Although annoyingly buggy in certain parts scattered throughout the game, Ratchet & Clank: Rift Apart is an absolute delight to play and experience. For the most part, it looks and runs beautifully on the PS5 and it’s a series best platformer in more ways than one.

Since getting the PS5 on launch day in November of 2020, I’ve played the three best exclusives the system has to offer so far, that being Spider-Man: Miles Morales, Returnal, and now, Ratchet & Clank: Rift Apart (and two of these games are from Insomniac Games. which is impressive). All three games are phenomenal and they’re also uniquely different in terms of how they’re played. It just goes to show the vast potential this system has moving forward. But, let’s stay on topic with Rift Apart, which is already shaping up to be one of my favorite games of the year for a variety of reasons. It doesn’t come without its faults, of course, but I wouldn’t say these faults are based on game design or how it’s played, it’s just glitches some games are bound to have before they’re patched up. So, although my experience with the game has been mostly positive and I know, eventually, these bugs will be fixed soon enough, I have to admit that encountering some of these buggy situations have been a bit frustrating, especially when the game crashed or when I have to restart it all together. Let’s discuss the bad first before I get into all the goodness. Before that though, a quick synopsis.

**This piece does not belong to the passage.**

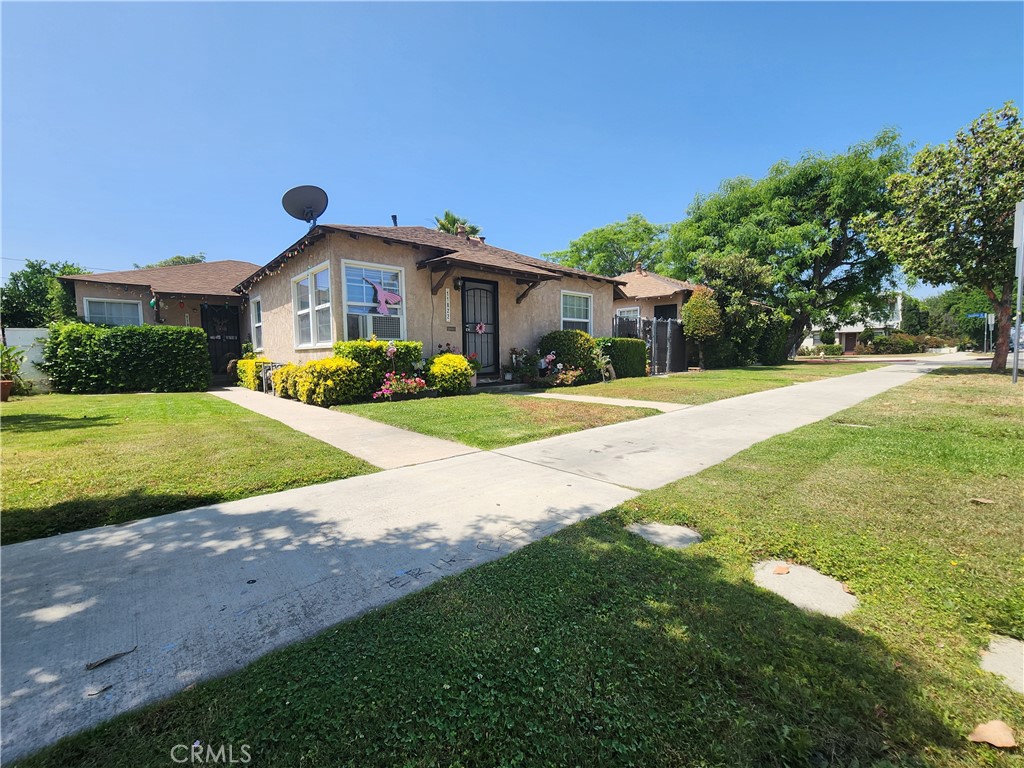 11820 Victory Boulevard Property Photo 6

After Dr. Nefarious steals the Dimensionator from Ratchet and Clank, he uses it in a quest to discover a dimension where he always comes out on top. While doing this, he damages the fabric of space and time, which causes Clank to get lost. Arriving in another dimension, he meets Rivet, who’s basically a dimensional counterpart to Ratchet, and together, they must reunite with Ratchet in order to stop Dr. Nefarious (or Emperor).

Addressing the bugs and glitches, the most common ones I’ve found were when the game goes into slow motion. Essentially, it’s supposed to do this only for a short period of time and act as a mini tutorial. However, because of the bugs, the game stays stuck in slow motion, forcing you to restart the application all together. This was extremely annoying, especially when you’re trying to complete certain quests and side missions. Other glitches include getting stuck in the environment, such as a random rock on a world as you’re jumping to reach a specific destination and the character simply gets stuck inside of it. You can’t move or progress and it’s incredibly tedious. Another glitch I’ve found is hitting a Blizon crystal and as the game is transitioning to a different dimension or area, it never fully transports you to it, so you stay stuck in a white backdrop and, again, moving in slow motion, without being able to do anything. There were some other bugs that I can’t really remember, but the three mentioned above were the most glaringly annoying ones, by far. Thankfully, this can all be fixed and it’s really one of the only major issues I have about the game, if I’m being honest.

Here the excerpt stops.